Neuropsychiatric involvement and cerebrovascular manifestations

It usually appears in the first years of the disease (28% of patients with Lupus). The most frequent neuropsychiatric symptoms are headaches, depression, seizures, anxiety and decreased cognitive functions (orientation, language, memory …).

On the other hand, the cerebrovascular disease usually presents, in particular, thromboembolic (presence of a blood clot or ” thrombus,” which obstructs the flow of blood to certain parts of the brain). Only 1 in 3 people, the presence of these symptoms can be directly attributed to Lupus.

Pulmonary manifestations. In the course of Lupus pleuritis (inflammation of the membrane covering the lungs), interstitial pneumonitis (inflammation with scarring of the lungs) and pulmonary hypertension (higher than normal pressure in the arteries of the lungs)may occur.

The last two are infrequent, but pleuritis occurs in 50% of patients with Lupus throughout the disease, although it is rare to appear at the onset of the disease. These symptoms usually present as chest pain accompanied by difficulty breathing.

Gastrointestinal symptoms

They are common in patients with Lupus but are usually more associated with the treatment than with the disease itself.

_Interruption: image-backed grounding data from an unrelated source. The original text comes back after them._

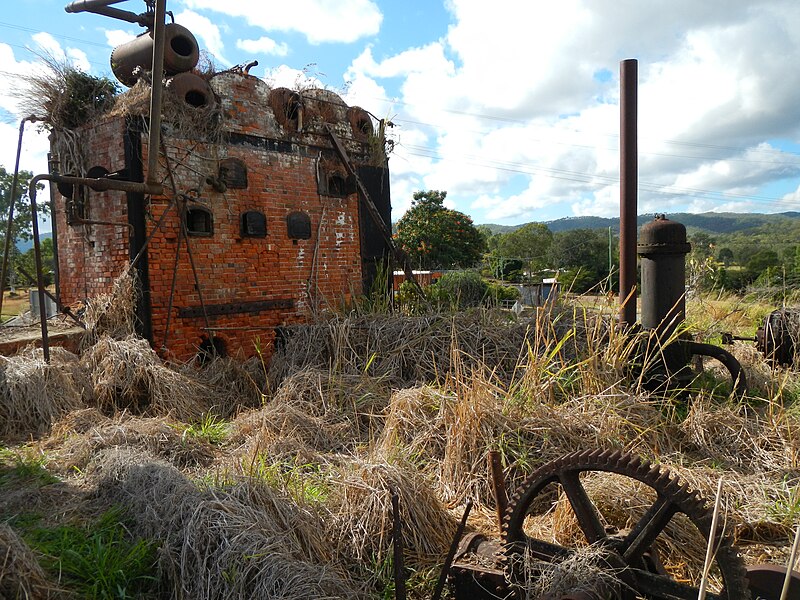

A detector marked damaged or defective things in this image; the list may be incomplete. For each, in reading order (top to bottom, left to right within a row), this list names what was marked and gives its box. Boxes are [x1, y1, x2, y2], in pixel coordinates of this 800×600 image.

rusty metal cylinder [110, 22, 199, 86]
vertical rusty pipe [146, 0, 166, 186]
rusty metal pipe [146, 0, 166, 186]
rusty support post [146, 0, 166, 186]
vertical rusty pipe [0, 118, 32, 324]
rusty support post [0, 118, 34, 324]
rusty metal pipe [0, 116, 36, 324]
vertical rusty pipe [28, 173, 50, 360]
vertical rusty pipe [620, 58, 636, 326]
rusty support post [620, 58, 636, 326]
rusty metal pipe [620, 58, 636, 328]
rusted metal beam [620, 58, 636, 328]
rusty metal cylinder [636, 214, 692, 338]
rusty support post [434, 500, 472, 600]
rusty support post [488, 450, 506, 528]
rusty machinery [446, 450, 796, 600]
rusty gear wheel [500, 450, 752, 600]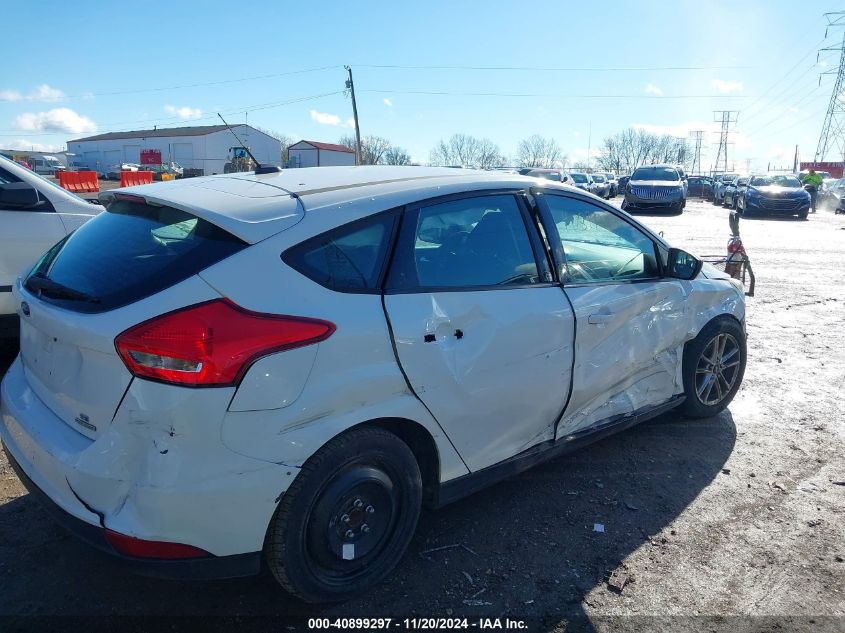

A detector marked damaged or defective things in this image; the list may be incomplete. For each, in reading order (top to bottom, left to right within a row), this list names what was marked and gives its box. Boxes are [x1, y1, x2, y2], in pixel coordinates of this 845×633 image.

damaged vehicle [3, 165, 748, 600]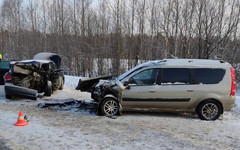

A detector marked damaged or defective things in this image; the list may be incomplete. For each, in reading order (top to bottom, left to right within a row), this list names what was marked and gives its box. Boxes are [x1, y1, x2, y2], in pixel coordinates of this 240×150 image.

overturned dark car [4, 52, 64, 100]
damaged minivan [4, 52, 64, 100]
wrecked car body [4, 52, 64, 100]
damaged minivan [77, 59, 236, 120]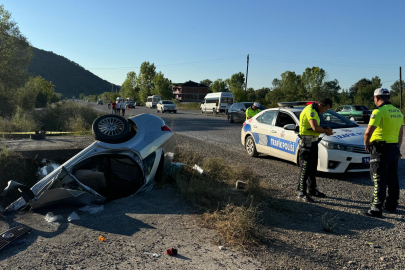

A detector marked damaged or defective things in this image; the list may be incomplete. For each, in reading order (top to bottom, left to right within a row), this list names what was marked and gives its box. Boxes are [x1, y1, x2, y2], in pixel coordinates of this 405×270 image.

overturned white car [1, 113, 175, 212]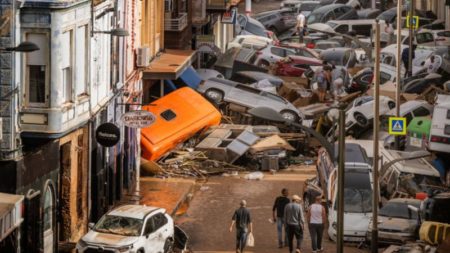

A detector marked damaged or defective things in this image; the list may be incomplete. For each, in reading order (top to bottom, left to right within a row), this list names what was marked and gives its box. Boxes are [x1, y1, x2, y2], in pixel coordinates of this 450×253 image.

damaged building facade [0, 0, 141, 251]
overturned orange vehicle [139, 87, 220, 161]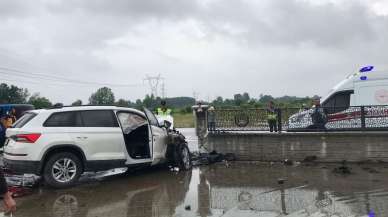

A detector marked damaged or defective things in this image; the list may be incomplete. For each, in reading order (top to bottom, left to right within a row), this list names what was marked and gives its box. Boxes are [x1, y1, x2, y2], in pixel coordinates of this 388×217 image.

damaged white suv [3, 106, 191, 187]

They emphasize gastritis (inflammation or swelling of the lining of the stomach) and the peptic ulcer (sore in the mucosa that covers the belly), related to the non-steroidal anti-inflammatories and the glucocorticoids.

Hematological manifestations

They present at the beginning of the disease in 23% of patients; However, during Lupus, they can affect 80% of patients. Among the most frequent hematological manifestations is the decrease in the number of white blood cells, followed by a reduction of red blood cells (anemia) and platelets (thrombocytopenia).

Antiphospholipid syndrome

This syndrome is associated with the presence of thrombi (blood clots) in arteries and veins. In pregnant women, it is usually associated with complications such as repeated miscarriages, fetal deaths, premature births, and preeclampsia (a severe form of pregnancy-induced hypertension).

Now, you clear how is lupus diagnosed. The symptoms described tend to appear and disappear. When the symptoms appear, they are called “buds.” The outbreaks vary from mild-moderate to strong. At any time, new symptoms may appear.